Er hörte, wie sich die Französischen Fenster zum zweiten Mal öffneten, und als er sich umdrehte, sah er Rosa in den Patio hinaustreten. Vor zwei Wochen, als Bill betrunken gewesen war, hatte er ihm anvertraut, Rosa sei der Honigtopf, dem er nachstellen würde, wenn er Pu der Bär wäre. Es war nicht die Geschmacklosigkeit, die Cooper abgestoßen hatte, sondern der Gedanke daran, daß er sich herablassen würde, einer Bediensteten nachzustellen.

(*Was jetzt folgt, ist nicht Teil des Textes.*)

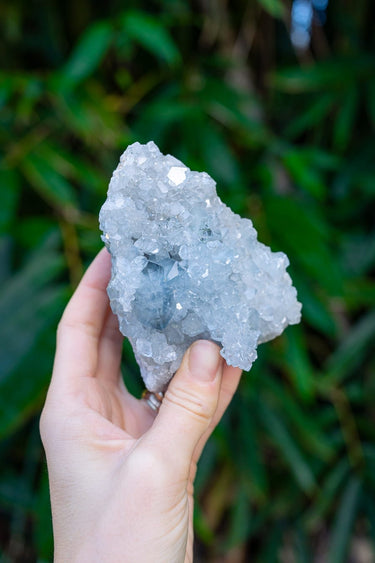 Celestite Cluster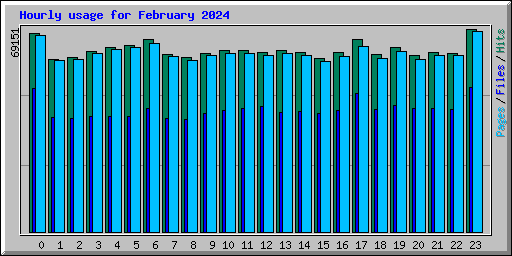 Hourly usage for February 2024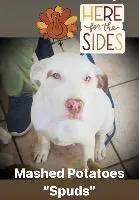 Mashed Potatoes Spuds - Pit Bull Terrier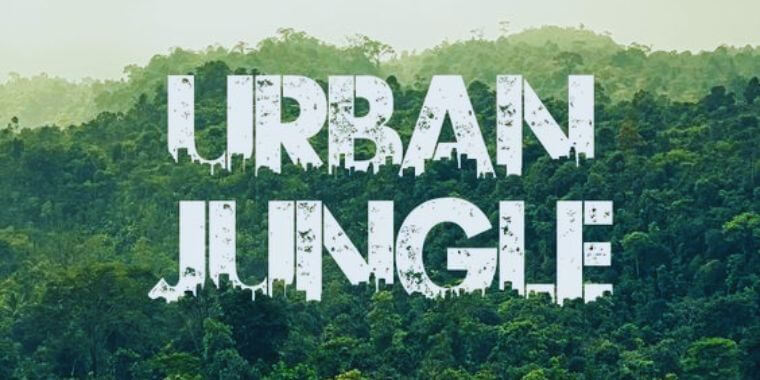 Appearance of Urban Jungle Font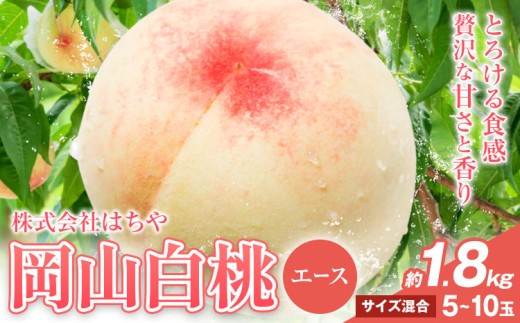 【先行予約】岡山白桃 等級 エース 約1.8kg《7月上旬‐8月下旬頃出荷》株式会社 はちや もも モモ 岡山 国産 フルーツ 果物 岡山県 浅口市 フルーツ モモ 果物 青果 旬 白桃 国産 岡山県産【配送不可地域あり】---124_c2033_7a8c_25_20000_1800ge---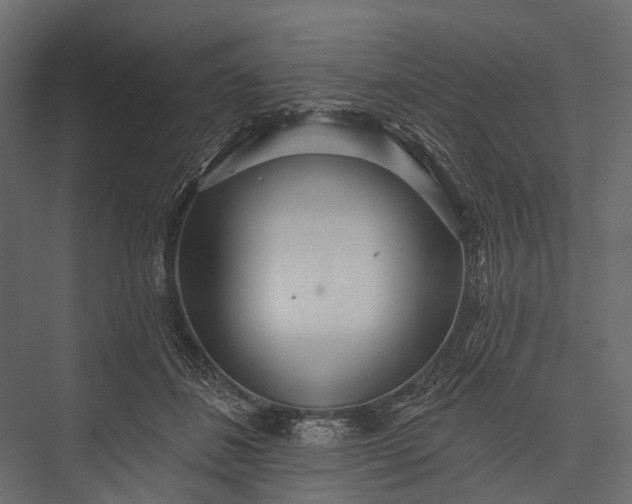 X0000076060508200610061540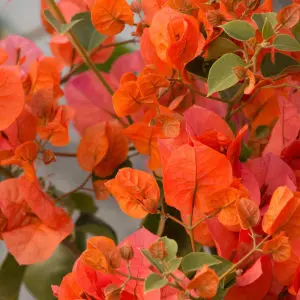 Bougainvillea Orange 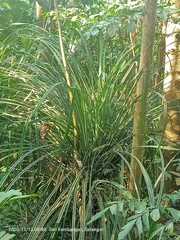Pandanus piniformis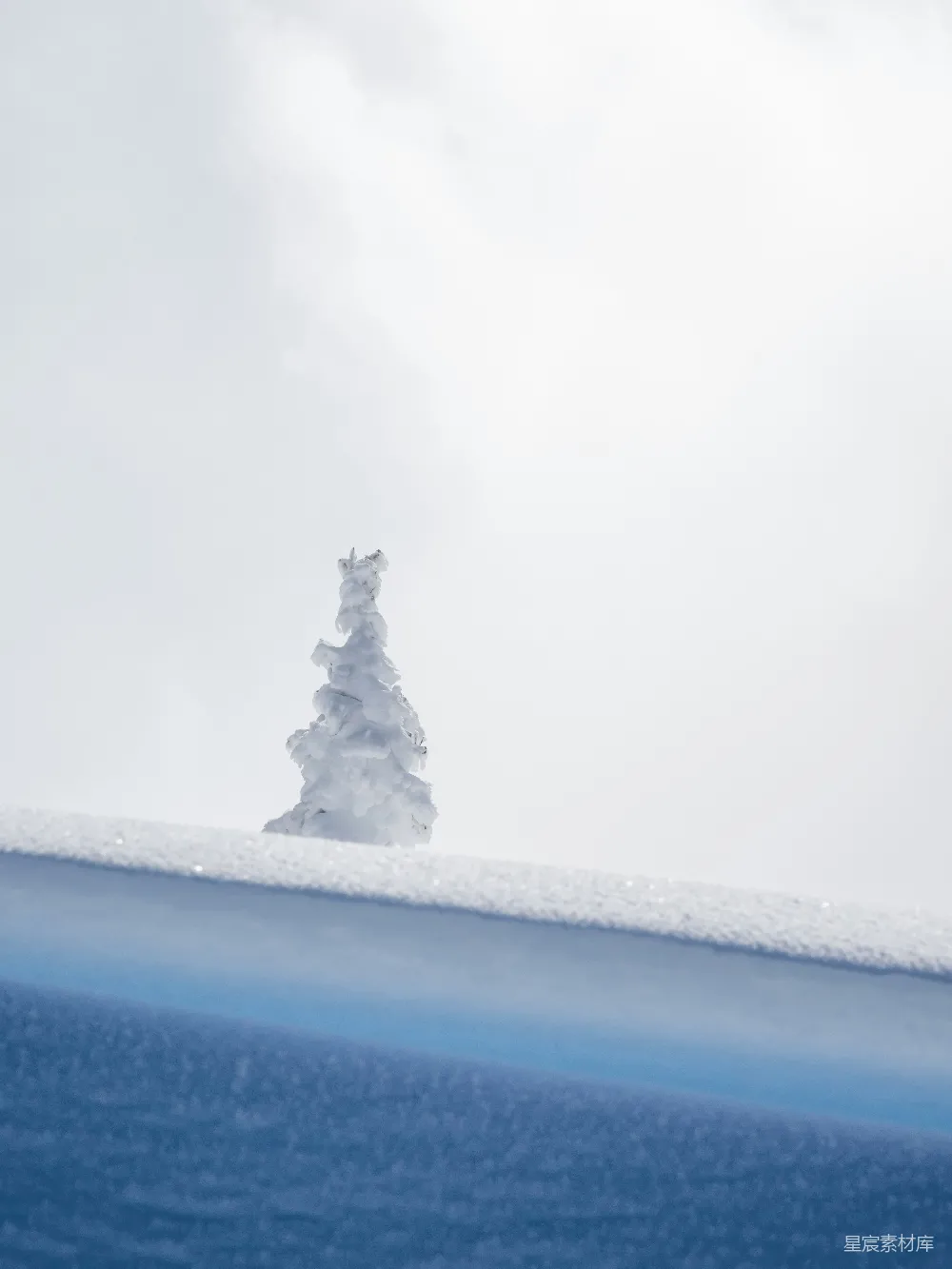 山顶上覆盖着白雪的一棵树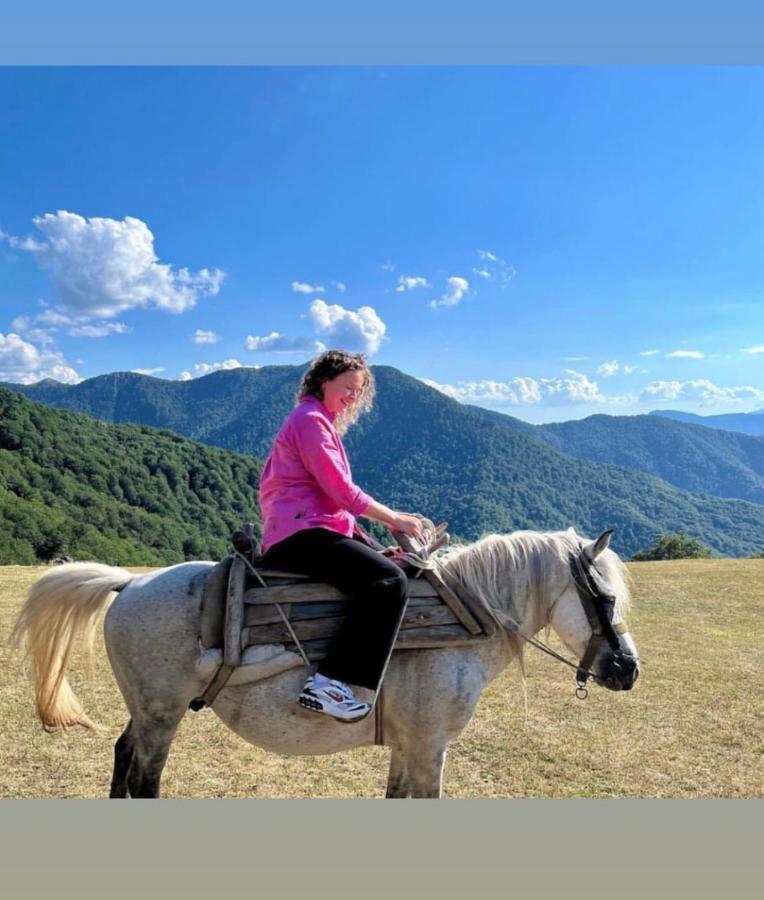Vila Katun Lanista-Kolibe Bogavac Mojkovac Exteriér fotografie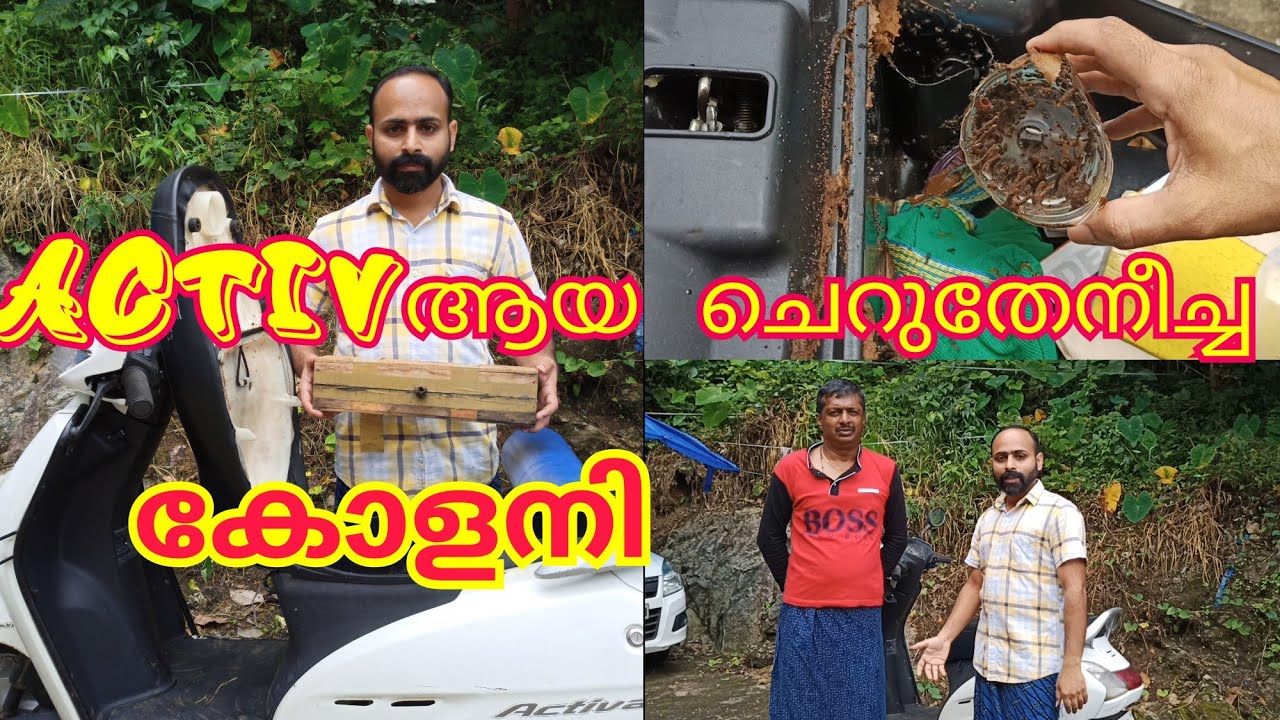 ACTIVA യ്ക്കുള്ളിലെ ചെറുതേനീച്ച കോളനിയെ തടി പെട്ടിയിലാക്കാം/ Stingless bee farming/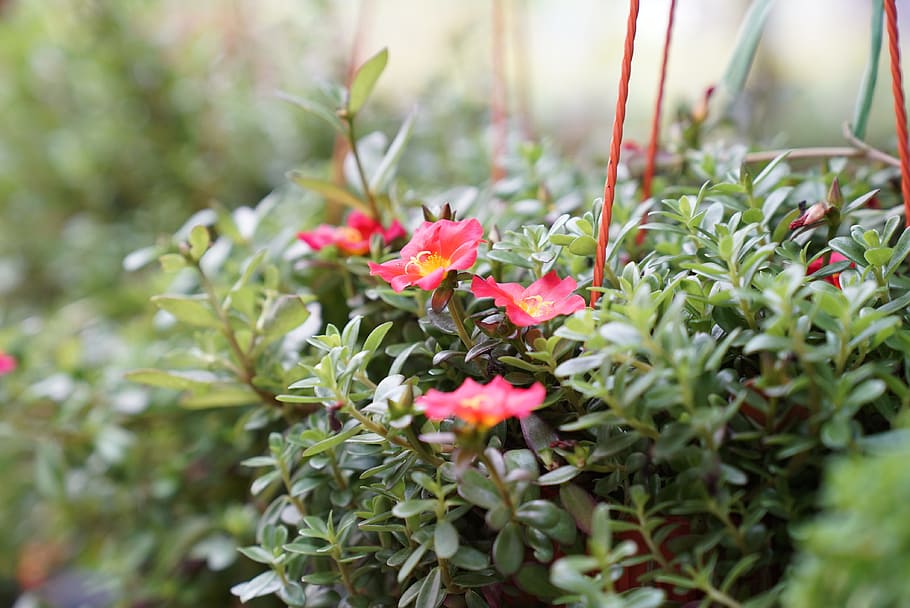 Top 7 hanging plants for Indoor Home Decor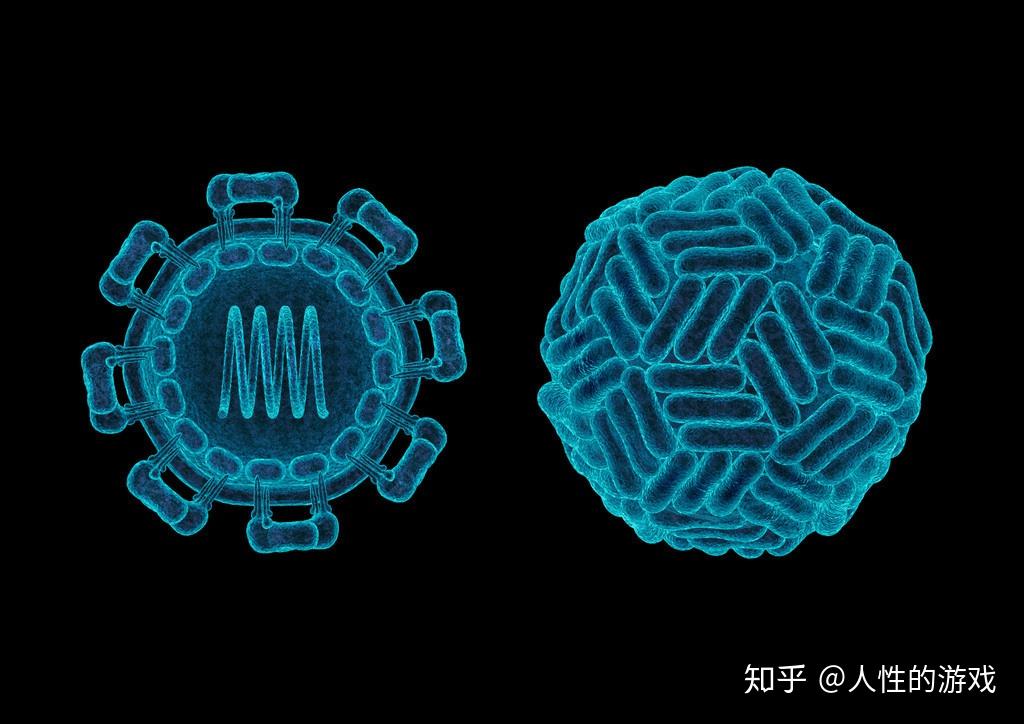 新型冠狀病毒24rna病毒的突變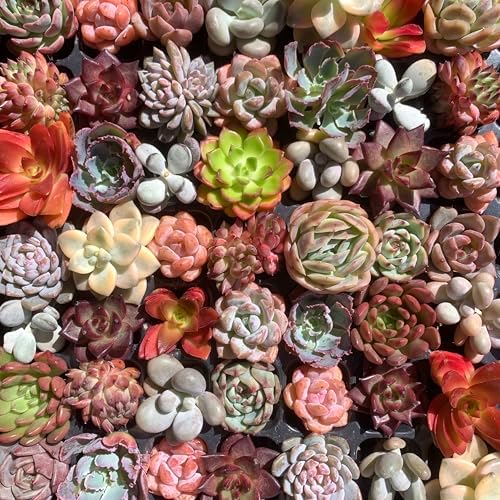 Mix DIY Rare Live Succulent Plants, 0.5-1,5" Random Mystery Bulk Succulent Live Plant, Without Pot & Soil, 12/24/100 Pcs, Garden Indoor Office Desk Decoration, Plant Gifts (100) - Image 7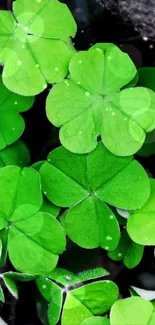 Green clover leaves wallpaper with vibrant hues.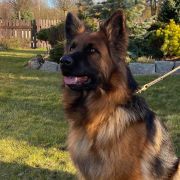 AMIRA Defensive Polyin FCI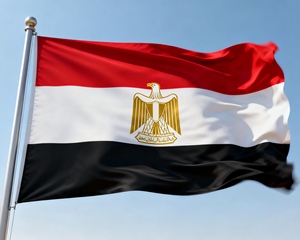 Vlag Fabrikant Relatiegeschenk Reclame Vlag Maatwerk 3X5 Voet Custom Vlag Bedrijfsevenement Alle Nationale Vlaggen - Product Image 5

Einen Meter vor seinem Stuhl blieb sie stehen, und die grelle Sonne verstärkte ihre reife, irdische Anziehungskraft anstatt von ihr abzulenken. »Kaffee, Señor?« Sie sprach nur mühsam Englisch und klang sehr exzentrisch. »Und Erdbeerbiskuit?«

»Ja, bitte.« Er hatte nicht versucht, Spanisch zu lernen, geschweige denn Mallorquinisch. Die Einheimischen sprachen gut genug Englisch, wenn sie sein Geld wollten.

»Groß? Klein?« Sie zeigte verschiedene Größen mit den Händen an.

Clara, die für die Küche zuständig war, machte einen Biskuitkuchen, der so leicht war, daß man ihn beinahe festbinden mußte. »Ein großes Stück.«

Sie nickte und ging ins Haus zurück.

Ihr Novio war schlank und ordinär und fuhr reichlich schnell eine große Yamaha. Rosa sagte, sein Vater besitze einige Hotels in Playa Neuva und viele, viele Peseten. Wenn man wußte, wie reich einige der Einheimischen geworden waren, dann verstand man, daß die Welt allmählich kopfstand.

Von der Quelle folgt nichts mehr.